GAZA - Il cessate il fuoco in vigore a Gaza, ammesso che il piano per una pace stabile con Israele possa andare avanti, apre il tema della ricostruzione. Accanto alle soluzioni politiche per governare la Striscia, tutte da verificare, ci sono le stime possibili sui danni prodotti da due anni esatti di guerra e sulle risorse necessarie per ripristinare case, infrastrutture, e una vita sociale ed economica interamente spazzate via.  

Sono stime inevitabilmente approssimative, che andranno aggiornate e riviste sul campo, se e quando Gaza sarà effettivamente un territorio senza operazioni militari e quando sarà chiaro il livello di autonomia della popolazione e la quantità e la qualità degli aiuti che potranno arrivare dall'esterno. 

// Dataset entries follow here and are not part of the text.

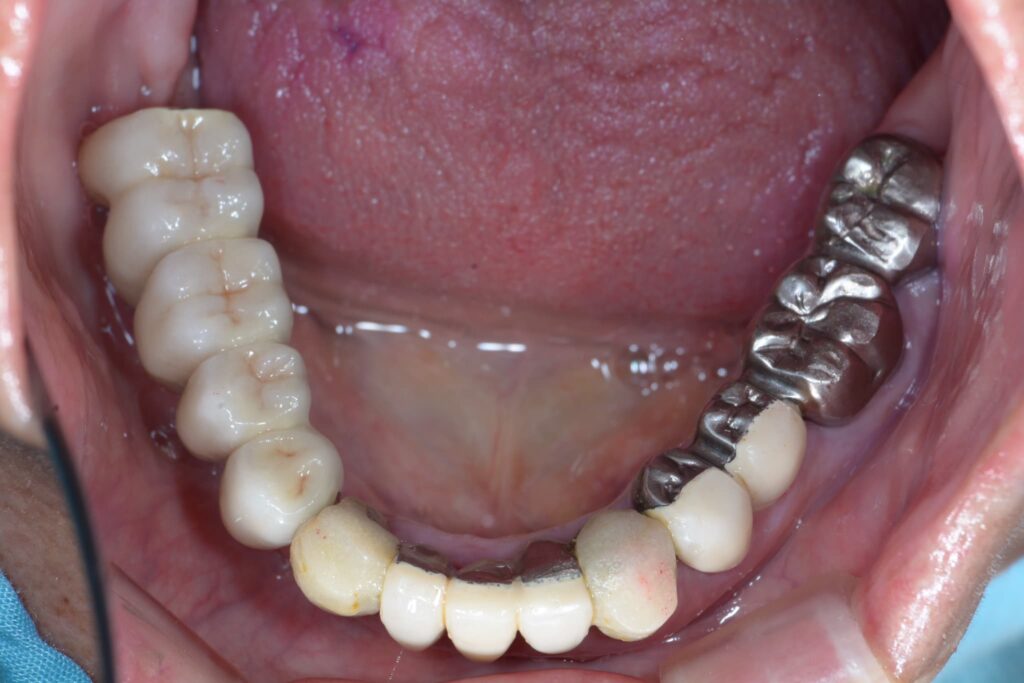 被せ物の破損・摩耗②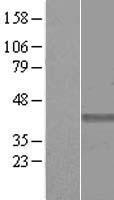 MICS1 (GHITM) Human Over-expression Lysate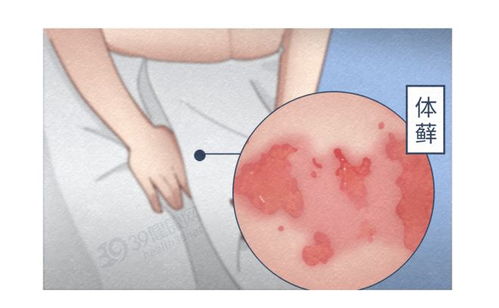 国乒8比1击败日本队11战全胜夺冠 真正的考验在赛后 国乒8比1击败日本队11战全胜夺冠 真正的考验在赛后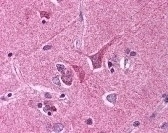 Slit Homolog 1 Antibody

Si può partire dall'accordo appena firmato da Israele e Hamas. Al ritiro delle Forze di difesa israeliane (Idf), che sarà comunque parziale almeno in una prima fase, devono seguire le operazioni di rimozione delle macerie. Difficile, se non impossibile, provare ad arrivare a un numero certo prima delle verifiche sul terreno. La stima ufficiale più recente è quella del Programma delle Nazioni Unite per l’ambiente (Unep), che indica circa 61 milioni di tonnellate di detriti accumulati e la distruzione, totale o parziale, di almeno 250mila edifici.  

Si parla inevitabilmente di decenni di tempo necessario a rimuoverle, considerato anche il dato macabro che riguarda il numero dei corpi che potrebbero essere sepolti sotto le macerie, migliaia, e quello sensibile delle bombe che non sono esplose e sono nascoste dai detriti. Il costo per rimuovere e smaltire una quantità simile di macerie potrebbe superare il miliardo di dollari. 

Questo processo dovrà necessariamente coesistere con le operazioni di ricostruzione, perché la conta, approssimativa, dei danni dice che oggi a Gaza quasi nessuno ha più una casa, il 90% degli appartamenti è raso al suolo o danneggiato, il 94% degli ospedali non c'è più, l'86% dei campi non è coltivabile, il 77% delle scuole e il 65% delle strade vanno rifatte da zero. 

In questo scenario, provare a ipotizzare quale possa essere il costo complessivo della ricostruzione a Gaza è praticamente impossibile. L'ordine di grandezza è quello di diverse decine di miliardi di dollari, considerato che una stima di febbraio 2025 della Banca mondiale indicava già un fabbisogno superiore a 50 miliardi di dollari. 

Rispetto al presente e al futuro di Gaza, l'incognita più grande è legata alla reale possibilità per la comunità internazionale di partecipare alla ricostruzione. La riuscita non dipenderà solo dai modelli di sviluppo proposti (come il controverso progetto "Gaza Riviera" svelato dal Washington Post), ma soprattutto da complesse decisioni politiche. Si dovrà stabilire chi potrà operare e con quali modalità.  

Il successo dipenderà dall'equilibrio tra la volontà delle autorità palestinesi (con la fondamentale e ancora aperta questione del ruolo di Hamas) e le effettive concessioni di Israele, bilanciate dagli interessi degli Stati Uniti. Sebbene Trump abbia già annunciato un piano di sviluppo che include dazi più bassi per gli investitori, il quadro politico e logistico resta, al momento, estremamente complesso. 

Da parte sua l'Italia si dichiara pronta a dare il proprio contributo, come espresso dalle parole della premier Giorgia Meloni: “Se ci verrà chiesto un contributo, siamo ovviamente pronti a stare in prima linea. Il lavoro è molto lungo, dovrà coinvolgere anche noi e la comunità internazionale”. 

Le dichiarazioni del ministro degli Esteri Antonio Tajani aggiungono dettagli sul piano operativo: “L'Italia è pronta a fare la sua parte per consolidare il cessate il fuoco, per fare arrivare nuovi aiuti umanitari e per partecipare alla ricostruzione di Gaza. Siamo pronti anche a inviare militari in caso di creazione di una forza internazionale di pace per riunificare la Palestina”. 

Le condizioni perché tutto questo avvenga sono però ancora tutte da definire. La stessa premier Meloni considera passaggi chiave il disarmo di Hamas (che non dovrà avere alcun ruolo), lo stop agli insediamenti in Cisgiordania, e un percorso di riforma per l'Autorità Nazionale Palestinese. 

La strada, in estrema sintesi, è solo all'inizio. E per poter parlare di una effettiva ricostruzione di Gaza devono maturare condizioni che ancora non ci sono.